Tal vez un hombre tan vigorosamente constituido como Cienfuegos hubiera logrado sobrevivir a nuevos ataques, aunque en tal caso probablemente la debilidad le hubiese impedido dar al día siguiente un solo paso, quedando con ello a merced de continuas sangrías que concluirían por apagar su vida al igual que una lámpara se consume cuando le privan del aceite.

Papepac nada le había advertido en su día sobre vampiros de selvas de alta montaña, puesto que en la jungla costera no abundaban, y el canario jamás hubiera sido capaz de sospechar por sí mismo una presencia que tan sólo se pone de manifiesto cuando la víctima se encuentra profundamente dormida.

Raramente suele ocurrir —salvo en el caso de encontrarse en un caso de rabia terminal— que un murciélago hematófago intente agredir a un animal despierto, y en el momento de hacerlo acostumbra inyectar a través de sus afiladísimos colmillos un eficaz anestésico que le permite alimentarse luego con absoluta impunidad.

La gran cantidad de sangre perdida durante las dos primeras noches, era la razón por la que el canario se sentía tan anormalmente agotado, y tal vez en aquel punto y lugar hubiesen acabado sus andanzas de no haber llovido de forma torrencial impidiendo a sus atacantes volar libremente, dado que la masa de agua que caía a modo de cortina tenía la virtud de rechazar los ultrasonidos por los que acostumbran a guiarse.

Una especie de sexto sentido hizo comprender no obstante al isleño que corría un serio peligro al continuar por aquellos parajes, atribuyendo su malestar al aire que respiraba o al continuo ataque de que le hacían víctima las nubes de mosquitos, por lo que al amanecer del día siguiente, y pese a que el agua continuaba siendo la única dueña del mundo, optó por bajar a lo largo de uno de aquellos impresionantes farallones consciente de que corría el riesgo de precipitarse al vacío o quedar atrapado para siempre en mitad del abismo.
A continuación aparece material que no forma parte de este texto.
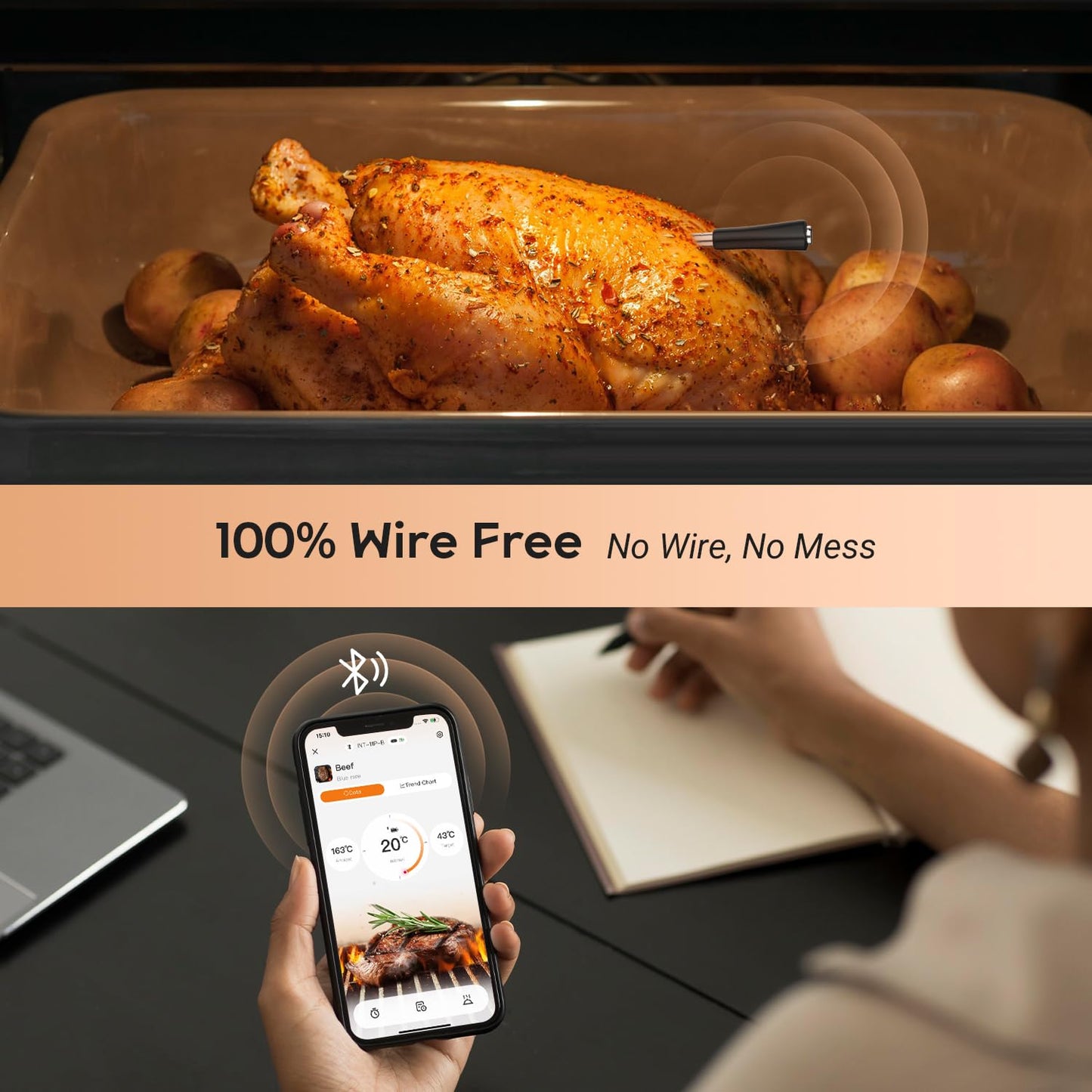 INKBIRD Wireless Meat Thermometer,300ft Bluetooth Thermometer with IP67 Waterproof Meat Probe,Smart App Control for Cooking, Oven, Grill, BBQ, Smoker, Rotisserie Rechargeable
Tan sólo una cabra montés o un pastor gomero contaban con una mínima posibilidad de salir con bien de semejante empeño, pues el precipicio que se abría bajo sus pies atraía de tal forma, que cualquier hombre o animal menos acostumbrado a las alturas, se hubiera dejado atrapar por el vértigo sin plantear batalla.

Durante el dificilísimo descenso perdió la hamaca, la mochila e incluso la mayor parte de sus armas, que se estrellaron contra las copas de los árboles, logrando salvar a duras penas el afilado cuchillo que constituía desde siempre su más preciada pertenencia, y cuando al oscurecer alcanzó el fondo de la quebrada, miró hacia lo alto y se asombró de no estar muerto.